At 9:34 PM 2/9/5, Steven Krivit wrote:

>It was my understanding that global warming was primarily because of solar
>radiation hitting the earth, reflecting back towards space, but intercepted
>by the greenhouse gasses which absorb the wavelengths of reflected
>radiation and converts it into thermal energy, thereby creating a
>transparent blanket.
>
>Not so much from the heat that is generated initially from terrestrial
>sources.  Yes?
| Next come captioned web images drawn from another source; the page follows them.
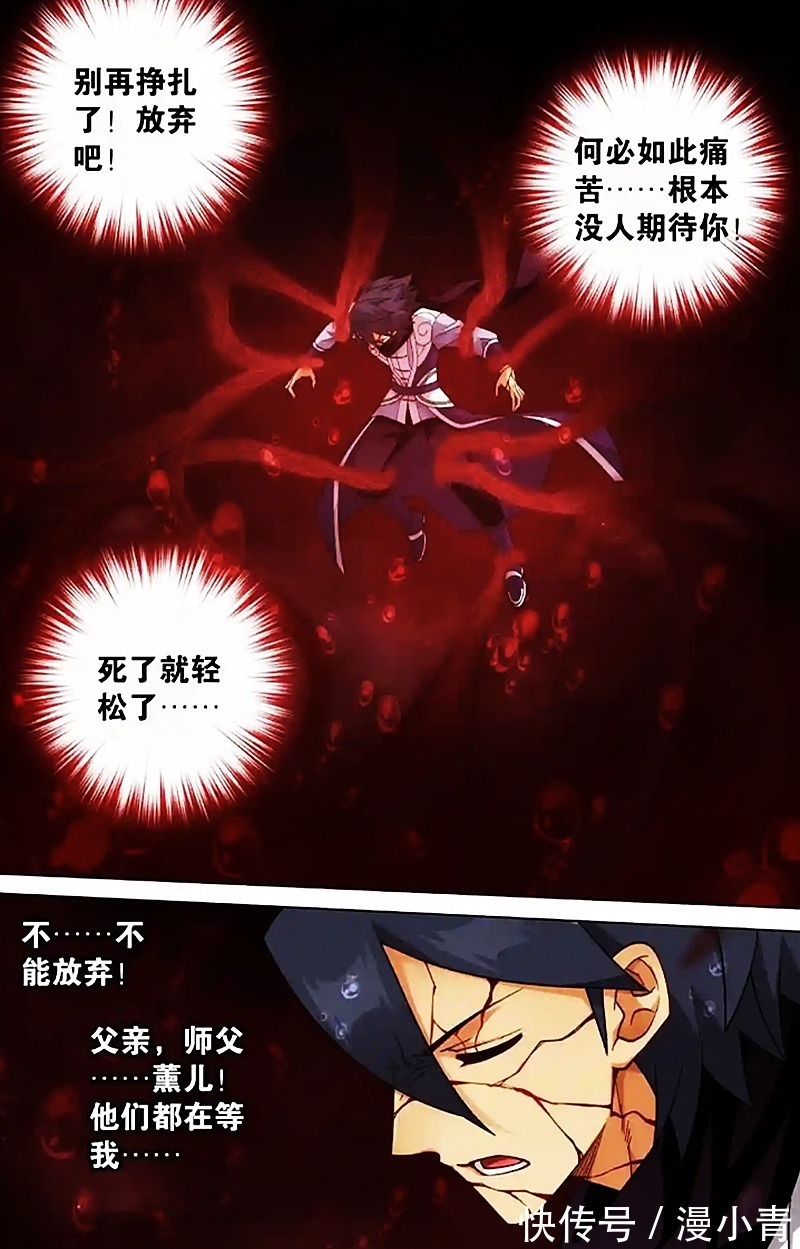 萧玄#萧炎融合三家血脉,虫皇却想捷足先登?你面对的可是半步斗帝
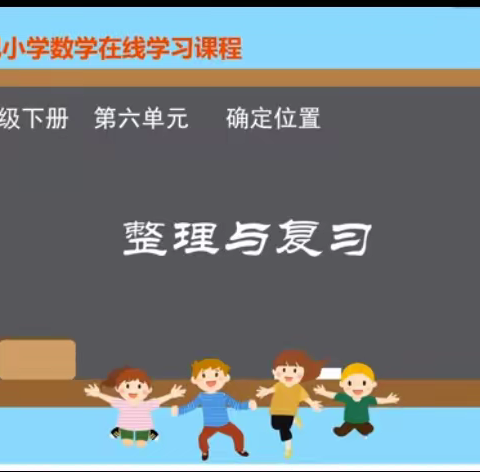 六单元《整理与复习》&‼️征集令‼️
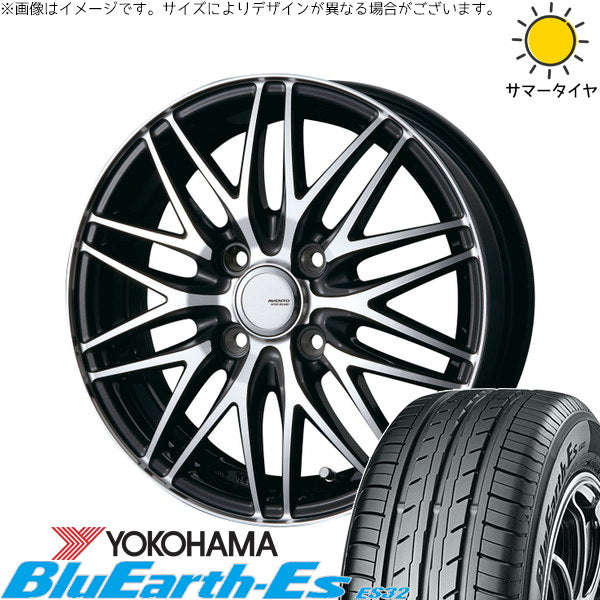 ヨコハマタイヤ ブルーアース ES32 165/60R15 + アヴェント MR-10 ブラックポリッシュ 15インチ 4.5J +45 4H100P サマー・ホイール4本セット。1枚目。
No?


This was my point in my prior post in this thread.  Elimination of all of
mankind's energy consuption is about equal to a half of a tenth of a
percent decrease in energy trapped by the greenhouse effect.  Similarly, if
we reduced the solar input by a similar amount, roughly 0.04 percent, we
could double our energy use with no net effect - provided there were no
additional greenhouse gases generated.  It is the emission and retention of
greenhouse gasses that is the problem, not the waste heat from energy
generation/utilization.  Annual world energy use is about 1/2000 the energy
the energy the sun sends us each year.

Here are the substantiating calculations again  (hopefully without any
major errors, and with some errors corrected):

The world energy consumption is about 400 quads/year, i.e. 400x10^15 BTU/y
= 1.17x10^14 kWh/y, and is forecast to be about 470 quads in 2010.  The
world power consumption is thus roughly (1.17x10^14 kWh/y)/((365 d/y)*(24
h/d)) = 1.34x10^10 kW.

The sun puts out roughly a kW/m^2, the earth's radius is 6.38x10^6 m, so
the earth presents about 3.2x10^13 m^2  to the sun, thus obtains energy at
a rate of about 3.2x10^13 kW from the sun.  The total energy consumed by
humanity is equivalent to a reduction in solar insolation factor by about
0.04 percent.

However, since the energy provided by CF would for the most part *replace*
carbon based fuel consumption, it is mostly an offset, thus global warming
due to massive CF energy use would not occur.  If we keep our nuclear
plants and our rate of energy consumption then it is a full offset, meaning
no net change.  A large reduction in CO2 generation would occur, and
without change to the overall energy balance.  This should eliminate the
greehouse effect, provided methane release and high altitude water vapor
concentrations have not pushed us to the no return level.